I wrote an article or two, both here and on my friend Bob’s Living in the Philippines web magazine, that concerned the question “can you live in the Philippines on $770 USD per month”? By the way I notice Bob has been kind enough to still have all my old living in the Philippines articles up there for general reading on his site … you might want to read them, once or twice I have managed to string a few sentences together to the made sense .. the rest of the time? Well, I didn’t charge anything…)
Anyway, back to the magic $770 USD. Is it possible? Absolutely. Not only do about 70-something millions Filipinos live on a heck of a lot less than $770 USD per month, but I even know more than a few foreigners who approach that as a monthly budget figure … and a few who live on substantially less. You can see my most up to date monthly expenditures living in the Philippines here … hasn’t been updated in the past few months because frankly, not much has changed.)
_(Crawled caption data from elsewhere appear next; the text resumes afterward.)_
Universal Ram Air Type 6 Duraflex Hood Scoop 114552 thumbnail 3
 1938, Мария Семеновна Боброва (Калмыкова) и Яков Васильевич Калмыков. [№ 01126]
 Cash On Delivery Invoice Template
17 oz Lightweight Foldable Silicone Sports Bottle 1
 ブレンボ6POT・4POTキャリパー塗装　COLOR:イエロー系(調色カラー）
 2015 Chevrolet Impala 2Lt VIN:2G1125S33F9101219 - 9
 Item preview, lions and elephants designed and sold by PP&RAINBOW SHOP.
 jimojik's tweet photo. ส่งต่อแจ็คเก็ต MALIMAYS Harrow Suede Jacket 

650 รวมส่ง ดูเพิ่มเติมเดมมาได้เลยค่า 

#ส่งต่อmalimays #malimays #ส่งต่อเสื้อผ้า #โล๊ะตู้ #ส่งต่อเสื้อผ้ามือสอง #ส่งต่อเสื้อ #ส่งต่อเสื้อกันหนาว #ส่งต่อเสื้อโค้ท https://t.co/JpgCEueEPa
One of Bob’s writers, John Miele, however, just wrote a nice article that points out something that I am not sure how to convey to many of my readers. See John’s article about shopping at Trinomial, or Triangle North of Manila, , if you have the time, it’s well worth it. This is the operative paragraph I wanted to touch on, though:
… There is a hell of a lot of money in this country. Income distribution is widely unequal, and the “have-nots” certainly struggle just to survive from day to day. But what about the “haves”? Well, say that 5% of the population are well off. That equates to roughly 5 million people who are very much high-end consumers, most of whom live and work in Metro Manila. These consumers demand all of the goods that one could find in Europe or the United States, both in terms of quality and availability. In other words, everything that you could expect to find in the West is available here… For a price. That is what expats need to keep in mind when deciding whether or not to move here. Yes, the modern, top-line, feature-laden, LG refrigerator is for sale here, but do you want to spend the additional money to purchase this type of refrigerator, or would a simpler model suffice? These are the types of questions you will need to answer when moving here. What is important to you and a “necessity” or what will be sufficient for your standard of living. Once you head out of Manila to the provinces, availability of “luxury” goods drops quickly… Remember where those with the money tend to live ….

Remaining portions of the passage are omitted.